Supplied material |

»»

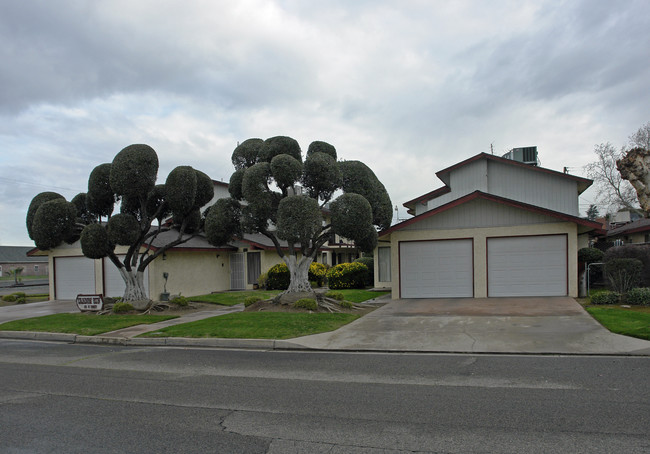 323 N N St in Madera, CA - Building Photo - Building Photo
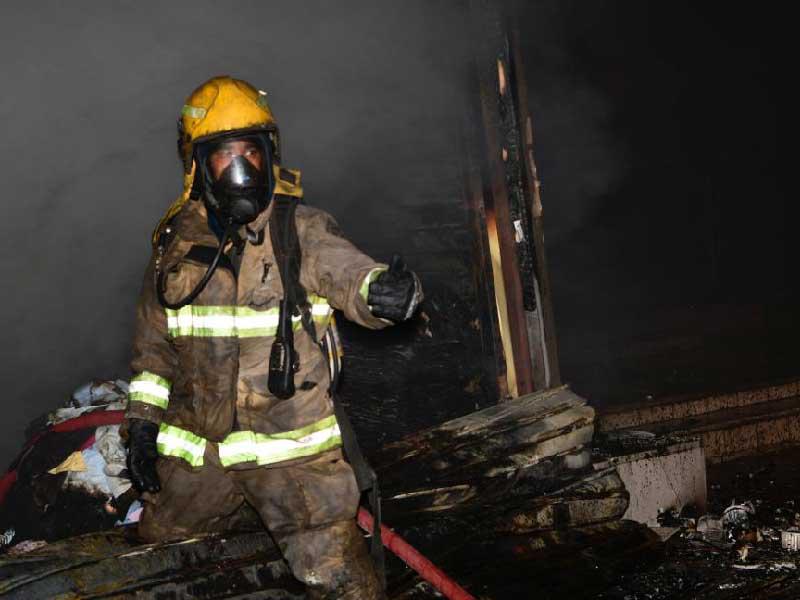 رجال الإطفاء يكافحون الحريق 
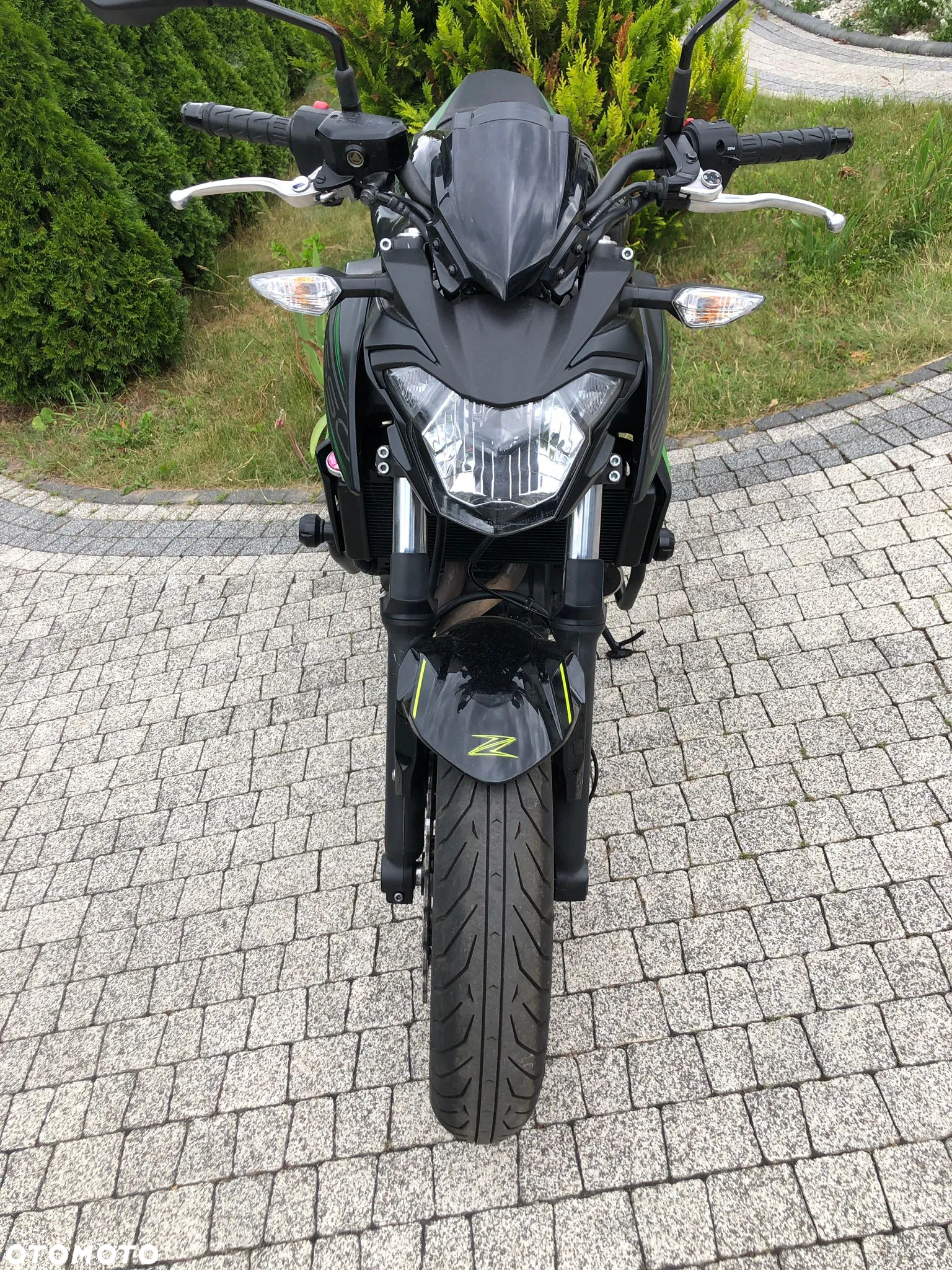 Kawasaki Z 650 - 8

««
»»

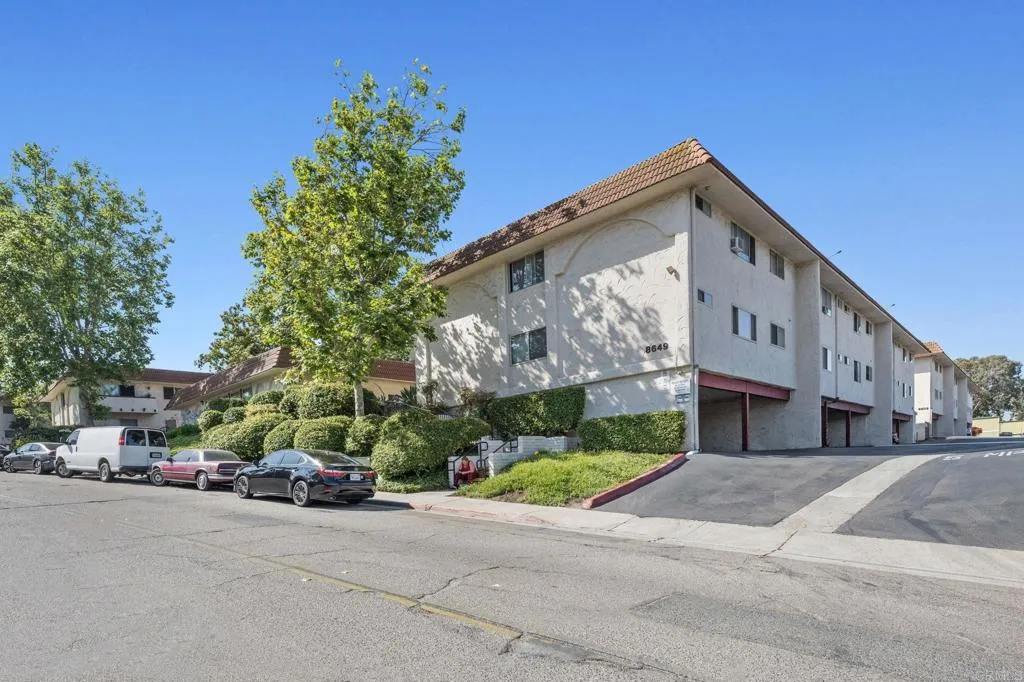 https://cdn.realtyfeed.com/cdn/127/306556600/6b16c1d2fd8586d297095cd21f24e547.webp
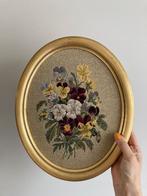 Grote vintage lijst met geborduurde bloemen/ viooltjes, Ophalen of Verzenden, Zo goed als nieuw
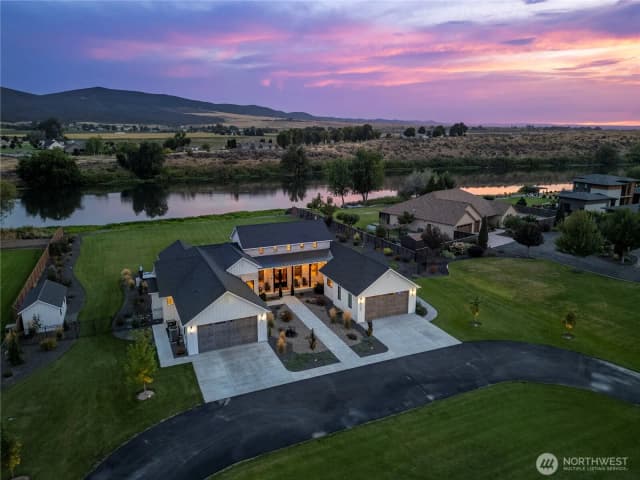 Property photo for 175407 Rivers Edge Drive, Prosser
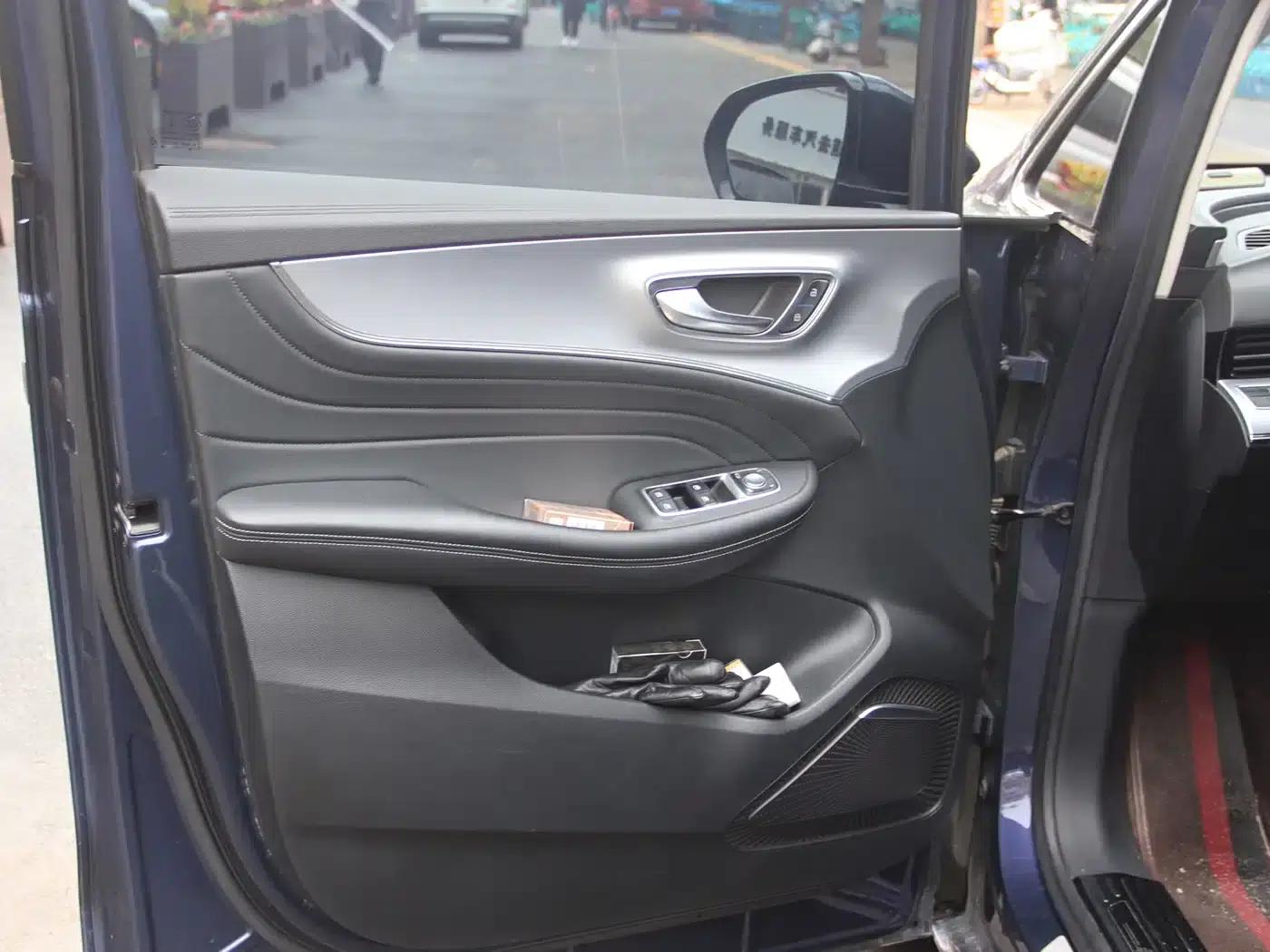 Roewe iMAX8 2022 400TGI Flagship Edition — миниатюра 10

««
»»

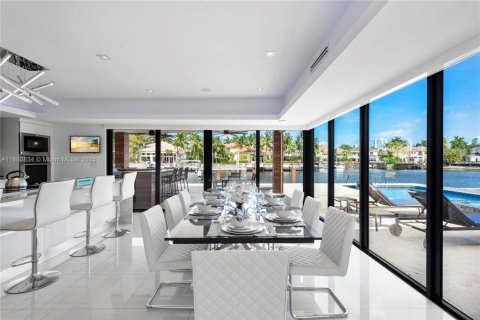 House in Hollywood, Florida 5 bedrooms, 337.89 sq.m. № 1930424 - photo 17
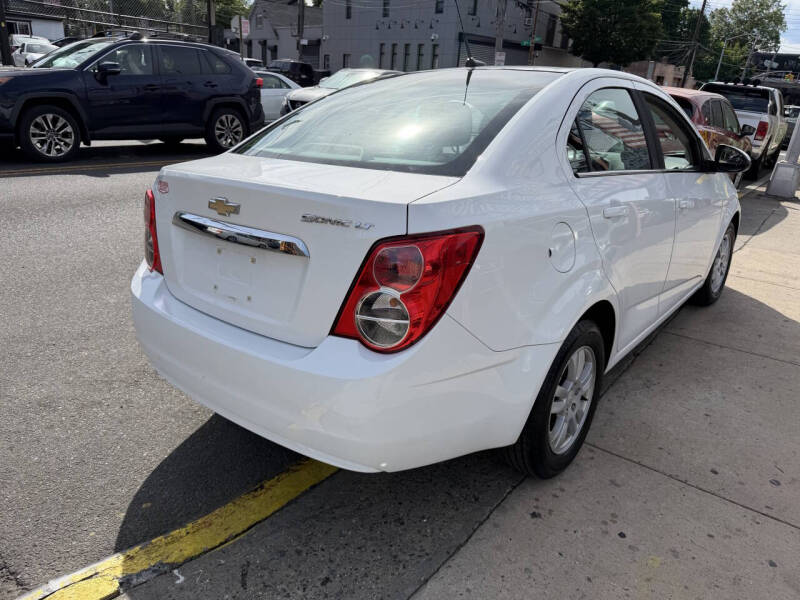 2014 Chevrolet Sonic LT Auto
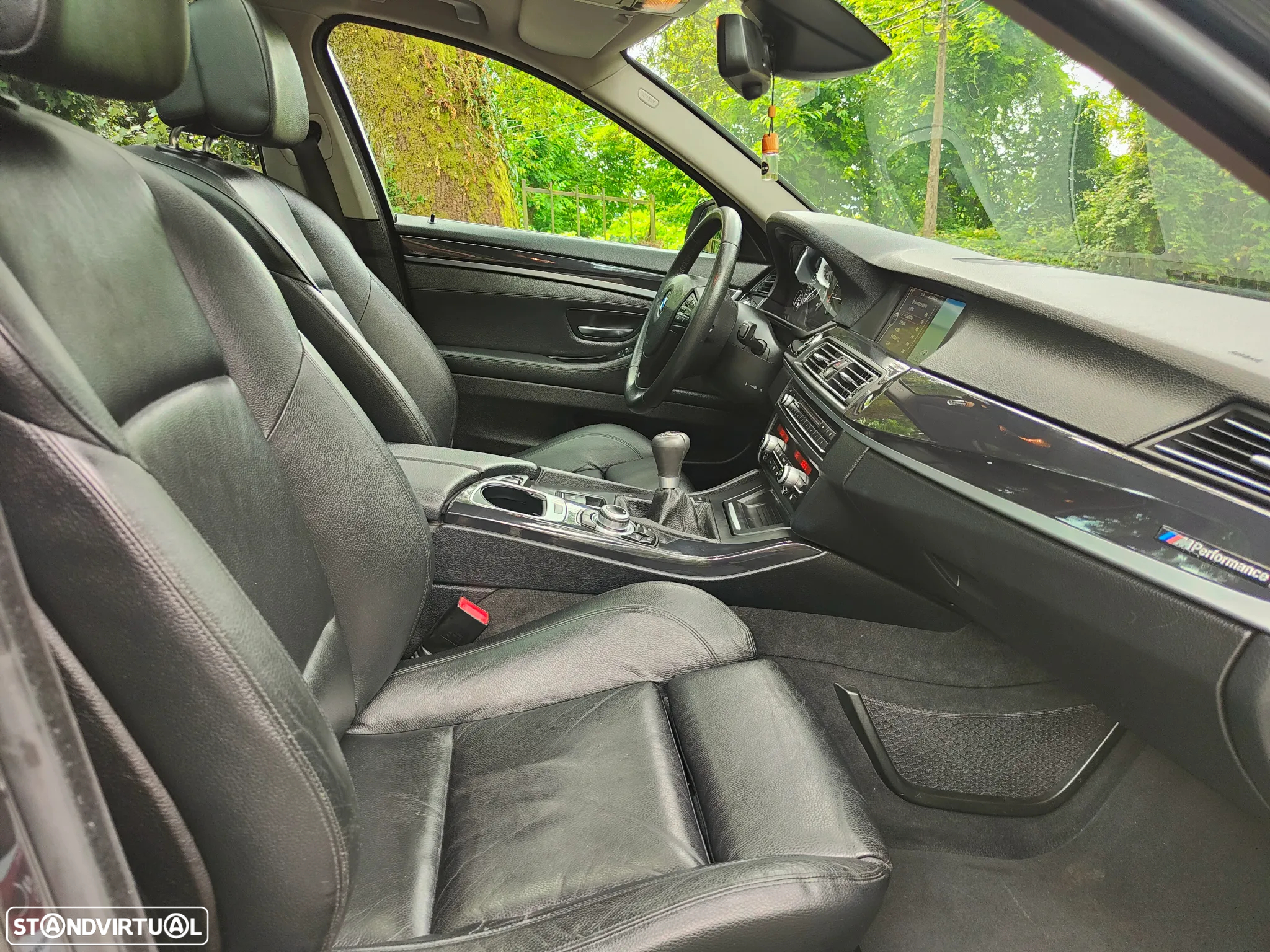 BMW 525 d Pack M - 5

««

Required work | Within the entries above, give again exactly the lines starting at the one that contains "323 N N St in" and ending at the one that contains "Kawasaki Z 650 - 8", leaving out the pictures.

Task result |
 323 N N St in Madera, CA - Building Photo - Building Photo
 رجال الإطفاء يكافحون الحريق 
 Kawasaki Z 650 - 8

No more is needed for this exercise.